George Orwell would have cheered when the media blasted a secret plan for Big Brother to watch the Internet. The plan was titled FIDNet (Federal Intrusion Detection Network) and called on the FBI to monitor the information highway 24/7. But after a public interest group posted a copy of the scheme online earlier this month, the press descended and shredded it for threatening civil liberties. By the end of the news cycle, House Republicans had choked off FIDNet’s proposed funding supply, although its supporters still hope to push the plan through.

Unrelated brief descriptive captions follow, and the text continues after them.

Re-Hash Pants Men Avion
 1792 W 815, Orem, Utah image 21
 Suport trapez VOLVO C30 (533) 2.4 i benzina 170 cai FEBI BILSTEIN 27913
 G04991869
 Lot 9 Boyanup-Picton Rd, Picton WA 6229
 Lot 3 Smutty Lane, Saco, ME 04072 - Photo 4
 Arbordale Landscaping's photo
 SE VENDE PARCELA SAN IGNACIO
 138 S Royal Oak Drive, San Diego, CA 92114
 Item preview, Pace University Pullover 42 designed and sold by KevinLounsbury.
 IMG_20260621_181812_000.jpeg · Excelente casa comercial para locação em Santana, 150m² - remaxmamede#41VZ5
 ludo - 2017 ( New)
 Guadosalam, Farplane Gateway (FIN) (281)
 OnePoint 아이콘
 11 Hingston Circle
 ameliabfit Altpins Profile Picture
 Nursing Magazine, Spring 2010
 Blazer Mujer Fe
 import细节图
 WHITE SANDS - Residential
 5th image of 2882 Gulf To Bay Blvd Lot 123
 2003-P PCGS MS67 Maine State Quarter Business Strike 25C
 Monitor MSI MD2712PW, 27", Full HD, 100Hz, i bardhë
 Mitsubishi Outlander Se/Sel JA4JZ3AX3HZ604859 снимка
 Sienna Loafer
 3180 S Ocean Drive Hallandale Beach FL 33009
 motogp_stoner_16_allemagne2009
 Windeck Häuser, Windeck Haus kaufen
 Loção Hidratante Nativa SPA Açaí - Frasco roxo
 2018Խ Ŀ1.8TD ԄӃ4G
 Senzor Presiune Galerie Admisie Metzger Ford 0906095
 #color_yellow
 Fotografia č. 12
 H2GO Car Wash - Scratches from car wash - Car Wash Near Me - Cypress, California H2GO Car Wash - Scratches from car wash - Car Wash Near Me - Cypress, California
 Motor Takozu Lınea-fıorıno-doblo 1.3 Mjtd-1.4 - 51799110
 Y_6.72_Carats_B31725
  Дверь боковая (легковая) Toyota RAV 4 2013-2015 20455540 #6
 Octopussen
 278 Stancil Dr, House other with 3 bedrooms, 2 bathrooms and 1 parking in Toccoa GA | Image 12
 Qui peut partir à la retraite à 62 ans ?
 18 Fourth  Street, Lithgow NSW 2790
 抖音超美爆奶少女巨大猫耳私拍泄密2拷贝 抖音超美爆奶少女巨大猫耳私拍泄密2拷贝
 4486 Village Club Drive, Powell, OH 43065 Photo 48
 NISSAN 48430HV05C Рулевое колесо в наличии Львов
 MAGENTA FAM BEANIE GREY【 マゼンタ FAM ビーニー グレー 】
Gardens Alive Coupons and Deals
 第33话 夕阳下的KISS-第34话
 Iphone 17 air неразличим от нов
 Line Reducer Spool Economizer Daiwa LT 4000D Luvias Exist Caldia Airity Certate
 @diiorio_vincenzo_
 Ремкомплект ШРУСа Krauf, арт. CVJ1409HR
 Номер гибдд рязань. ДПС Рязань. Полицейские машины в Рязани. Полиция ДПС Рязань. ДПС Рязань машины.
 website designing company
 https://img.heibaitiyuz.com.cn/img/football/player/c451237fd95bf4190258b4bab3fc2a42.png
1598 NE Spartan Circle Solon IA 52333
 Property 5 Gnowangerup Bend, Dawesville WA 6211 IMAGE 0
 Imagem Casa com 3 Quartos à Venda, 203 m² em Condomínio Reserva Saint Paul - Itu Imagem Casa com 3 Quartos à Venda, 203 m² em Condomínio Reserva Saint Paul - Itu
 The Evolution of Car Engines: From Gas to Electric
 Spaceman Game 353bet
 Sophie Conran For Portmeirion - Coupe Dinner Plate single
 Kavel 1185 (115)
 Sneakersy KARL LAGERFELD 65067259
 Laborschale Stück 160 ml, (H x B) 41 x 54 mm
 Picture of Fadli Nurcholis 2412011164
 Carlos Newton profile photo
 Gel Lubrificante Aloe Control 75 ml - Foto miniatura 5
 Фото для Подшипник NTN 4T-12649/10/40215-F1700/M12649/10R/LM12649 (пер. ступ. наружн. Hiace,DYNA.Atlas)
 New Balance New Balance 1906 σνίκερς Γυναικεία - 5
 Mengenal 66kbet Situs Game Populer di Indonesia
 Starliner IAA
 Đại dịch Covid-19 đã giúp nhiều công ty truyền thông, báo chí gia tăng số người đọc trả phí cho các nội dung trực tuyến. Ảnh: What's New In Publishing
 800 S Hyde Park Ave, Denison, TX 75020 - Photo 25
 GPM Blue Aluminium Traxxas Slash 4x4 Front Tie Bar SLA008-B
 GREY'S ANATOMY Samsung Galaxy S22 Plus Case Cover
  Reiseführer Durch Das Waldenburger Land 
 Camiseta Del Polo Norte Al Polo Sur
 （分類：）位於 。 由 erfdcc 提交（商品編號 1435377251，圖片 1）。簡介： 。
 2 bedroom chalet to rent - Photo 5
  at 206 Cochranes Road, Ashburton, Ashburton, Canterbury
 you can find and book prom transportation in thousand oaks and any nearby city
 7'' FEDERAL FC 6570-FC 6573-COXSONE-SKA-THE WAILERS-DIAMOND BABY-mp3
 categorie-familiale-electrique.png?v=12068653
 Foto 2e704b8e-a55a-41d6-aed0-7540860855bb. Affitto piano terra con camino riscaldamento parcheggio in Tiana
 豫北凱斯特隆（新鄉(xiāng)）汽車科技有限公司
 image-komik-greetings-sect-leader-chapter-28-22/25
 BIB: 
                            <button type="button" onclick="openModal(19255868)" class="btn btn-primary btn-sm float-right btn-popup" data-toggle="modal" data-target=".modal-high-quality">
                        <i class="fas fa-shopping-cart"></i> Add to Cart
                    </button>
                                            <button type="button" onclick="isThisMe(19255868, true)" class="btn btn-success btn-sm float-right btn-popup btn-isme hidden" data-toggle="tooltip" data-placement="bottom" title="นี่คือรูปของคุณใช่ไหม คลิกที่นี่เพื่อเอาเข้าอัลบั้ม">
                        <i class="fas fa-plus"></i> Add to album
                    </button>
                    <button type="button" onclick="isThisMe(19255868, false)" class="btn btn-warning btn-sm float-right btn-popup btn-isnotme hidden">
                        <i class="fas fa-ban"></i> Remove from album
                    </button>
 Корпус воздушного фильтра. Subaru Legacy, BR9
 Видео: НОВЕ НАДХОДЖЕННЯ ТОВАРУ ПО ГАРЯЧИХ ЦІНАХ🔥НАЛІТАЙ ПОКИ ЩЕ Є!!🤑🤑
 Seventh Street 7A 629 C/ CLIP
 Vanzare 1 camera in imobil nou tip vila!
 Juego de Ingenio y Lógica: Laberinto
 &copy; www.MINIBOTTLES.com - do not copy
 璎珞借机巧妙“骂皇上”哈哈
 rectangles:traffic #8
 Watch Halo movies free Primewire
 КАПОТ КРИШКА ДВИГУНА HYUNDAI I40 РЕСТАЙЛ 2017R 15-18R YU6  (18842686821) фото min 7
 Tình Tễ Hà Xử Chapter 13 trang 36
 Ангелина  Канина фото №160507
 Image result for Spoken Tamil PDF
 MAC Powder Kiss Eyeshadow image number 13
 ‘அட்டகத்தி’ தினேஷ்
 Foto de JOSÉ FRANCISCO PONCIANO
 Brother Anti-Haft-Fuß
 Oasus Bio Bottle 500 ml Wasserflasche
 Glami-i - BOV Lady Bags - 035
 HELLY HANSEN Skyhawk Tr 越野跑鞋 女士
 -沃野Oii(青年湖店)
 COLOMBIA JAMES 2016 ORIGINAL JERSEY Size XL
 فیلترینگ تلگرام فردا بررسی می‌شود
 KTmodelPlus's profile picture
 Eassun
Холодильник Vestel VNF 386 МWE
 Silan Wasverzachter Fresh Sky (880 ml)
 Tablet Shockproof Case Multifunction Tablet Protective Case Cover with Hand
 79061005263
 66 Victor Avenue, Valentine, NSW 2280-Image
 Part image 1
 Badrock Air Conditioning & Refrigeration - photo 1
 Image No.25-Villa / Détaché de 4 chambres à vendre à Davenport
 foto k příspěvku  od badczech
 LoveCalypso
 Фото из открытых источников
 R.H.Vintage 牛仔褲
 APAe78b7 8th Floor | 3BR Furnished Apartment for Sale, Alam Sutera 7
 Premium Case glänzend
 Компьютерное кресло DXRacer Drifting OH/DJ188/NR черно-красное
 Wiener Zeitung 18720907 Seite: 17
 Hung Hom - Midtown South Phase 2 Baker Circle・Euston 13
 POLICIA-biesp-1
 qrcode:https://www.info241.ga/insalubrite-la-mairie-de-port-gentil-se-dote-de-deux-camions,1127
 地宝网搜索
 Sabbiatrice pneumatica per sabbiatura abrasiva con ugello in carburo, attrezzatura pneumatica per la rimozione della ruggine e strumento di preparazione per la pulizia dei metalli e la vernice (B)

What really outraged the Republicans was that they saw FIDNet as vintage Clinton
administration, another attack on freedom by Big Government Democrats. The press also
described FIDNet as a White House project. But FIDNet was actually cooked up by civil servants and government lifers in the National Security Council. “It was done by staffers,” says Mark Montgomery, director of transnational threats for the NSC. In fact, Clinton had never approved of FIDNet’s existence, according to those who worked on it. “This is just a good government practice to protect federal computer systems against malicious activity,” Montgomery says. Nevertheless, everyone blamed the man in the Oval Office, which made for easy headlines but missed the real lesson of FIDNet.
The truly scary thing about the program was that it arose out of the bowels of the
government as a matter of course— that for the staffers at the NSC, spying on the Internet seems natural. And that speaks volumes about the state of our surveillance society.
How else to explain the draft proposal for FIDNet, which is long on authoritarian ambition and short on democratic restraint? The chutzpah of the document is startling, as it envisions thousands of software programs spying on key parts of the Web, including all government sites and those of most banks, telcos, and transportation companies. The language of the FIDNet proposal is ominous: “the collection of certain data identified as anomalous activity or a suspicious event would not be considered a privacy issue.” Yet there is no explanation of what constitutes “anomalous activity” or a “suspicious event.”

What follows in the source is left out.